Prof. Reinhart is a specialist of financial crises and has extensively studied the many collapses in economic history. Her studies have recently culminated in a book with Kenneth Rogoff, This Time is Different: Eight Centuries of Financial Folly (Princeton Press), which will be at the center of her talk February 24, 2011, at 11:00 AM in the Konover Auditorium, Dodd Research Center. The talk is open to the public.

Prof. Reinhart has a PhD from Columbia University and recently moved from the University of Maryland to the Peterson Institute of International Economics. She has been deputy research director at the International Monetary Fund and chief economist at Bear Stearns. She is currently the top ranked female economist.

More details at AGES.

BA alumnus David Stockton receives UConn Distinguished Alumni award October 1, 2010.

The UConn Alumni Association will give the 2010 Distinguished Alumni Award to David Stockton on October 1. After completing his BA and MA at UConn in just four years (1972-76), under the supervision of Professor Emeritus William McEachern, Stockton obtained a second MA and his PhD in Economics at Yale University. A Danforth Fellow, Yale Fellow, and member of Phi Beta Kappa and Phi Kappa Phi, Stockton joined the Federal Reserve’s Division of Research and Statistics in 1981. Since 2000, he has served as the Director of Research and Statistics, overseeing the Fed’s large staff of PhD economists who conduct research and inform the Fed’s Board of Governors–the architects of U.S. monetary policy.

Both the current Fed Chairman, Ben Bernanke, and his predecessor Alan Greenspan have strongly praised Stockton’s expertise and advice on economic matters.
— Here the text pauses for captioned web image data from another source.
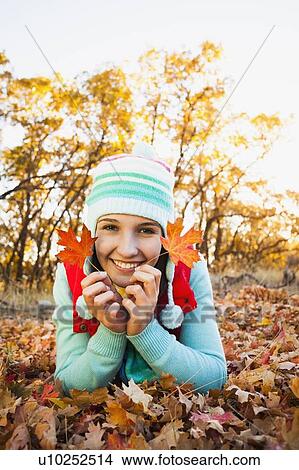 Portrait of smiling young woman lying on autumn leaves View Large Photo Image Picture - Portrait of smiling young woman lying on autumn leaves . Fotosearch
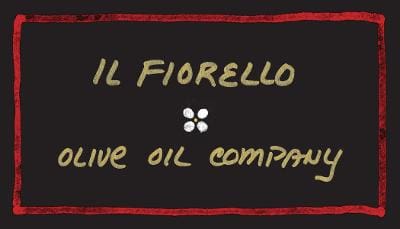 A black sign with the words il fiorello and olive oil company written in yellow.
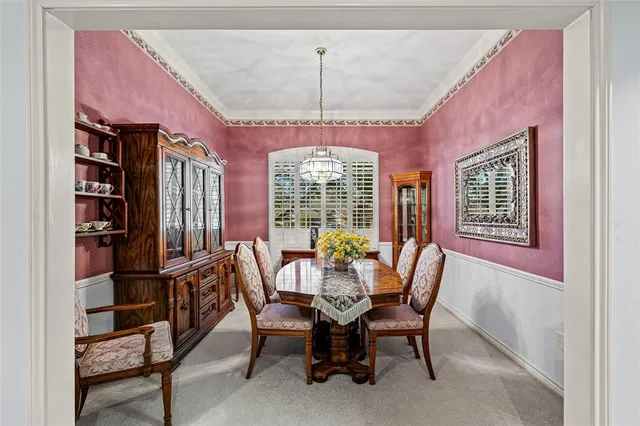 a kitchen with white cabinets and appliances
In addition to his responsibilities for directing longer-term research projects at the Fed, Stockton presents regular economic forecasts to the Federal Open Market Committee–the group of officials that regularly meets to decide Fed policies and actions that shape banking operations and interest rates in the U.S. and abroad. Stockton’s public service career continues a family tradition. David’s father, Ed Stockton served as Mayor of the Town of Bloomfield, and later was named Commissioner of Economic Development under Governors Ella Grasso and William O’Neill. The Stockton family’s New Jersey ancestor Richard Stockton signed the Declaration of Independence.

Stockton will be officially honored at an Alumni Association event in the South Campus Rome Hall Ballroom, on October 1, 2010. Earlier in the day, he will meet with Honors students and give a talk in the Department of Economics.
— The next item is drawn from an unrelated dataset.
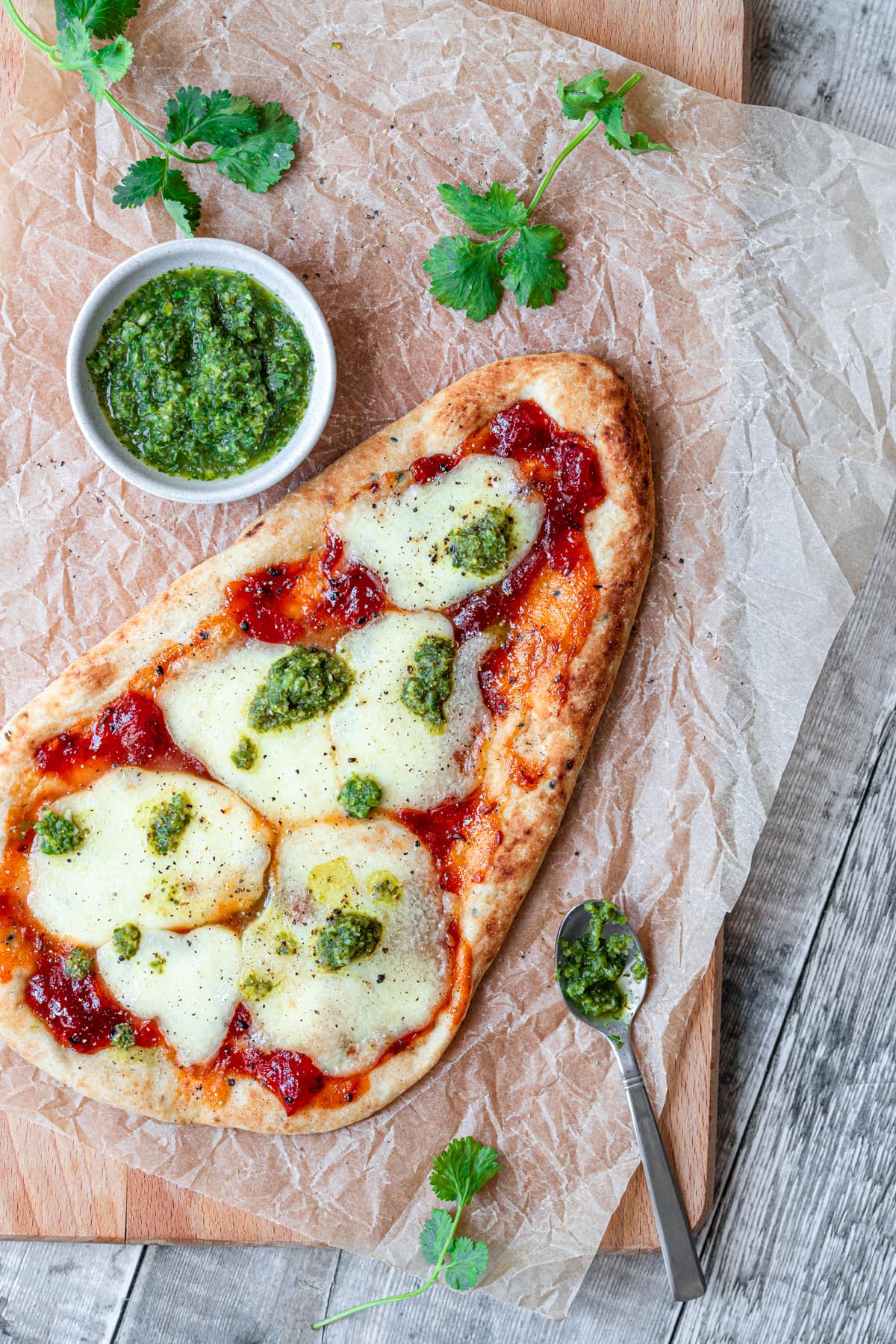 Naan bread pizza with coriander chutney drizzle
For more about this event, the UConn Alumni Association write-up about David Stockton and the list of the other award recipients of the day. The UConn Alumni Magazine also ran a story about David Stockton.

New class set to graduate

On Saturday May 8, 2010, a new class of students will walk in the commencement ceremonies and get well-deserved degrees. As there are no December ceremonies any more, the walking class in larger than usual. 212 students will be receiving the BA in Economics, of which 40 are double majors. Seven students will be graduating with Honors in Economics: Joseph Antelmi, Michael Bokoff, Taylor Brown, Charles Johnson, Bryan Murphy, Eric Roy, and William Watson. The Economics major is very popular on campus, in previous years it has been the third most sought after. Note also that among all Economics degree granting institutions in the United States, the University of Connecticut ranks 26th by the number of degrees conferred last year.

We also have a graduating class in our graduate programs. Are graduating with a MA: Jay Adams, Demet Cimen, Amy Druckenmiller, Elnara Eynullayeva, Elizabeth Kaletski, Xingkang Liu, Xiaoyin Shen, Rijesh Shrestha, Li Wang, Menxi Ying and He Zang. And with a PhD: Lei Chen, Onur Burak Celik, Marina-Selini Katsaiti, Monica Lopez-Anuarbe, Zinnia Mukherjee and Natalya Shelkova.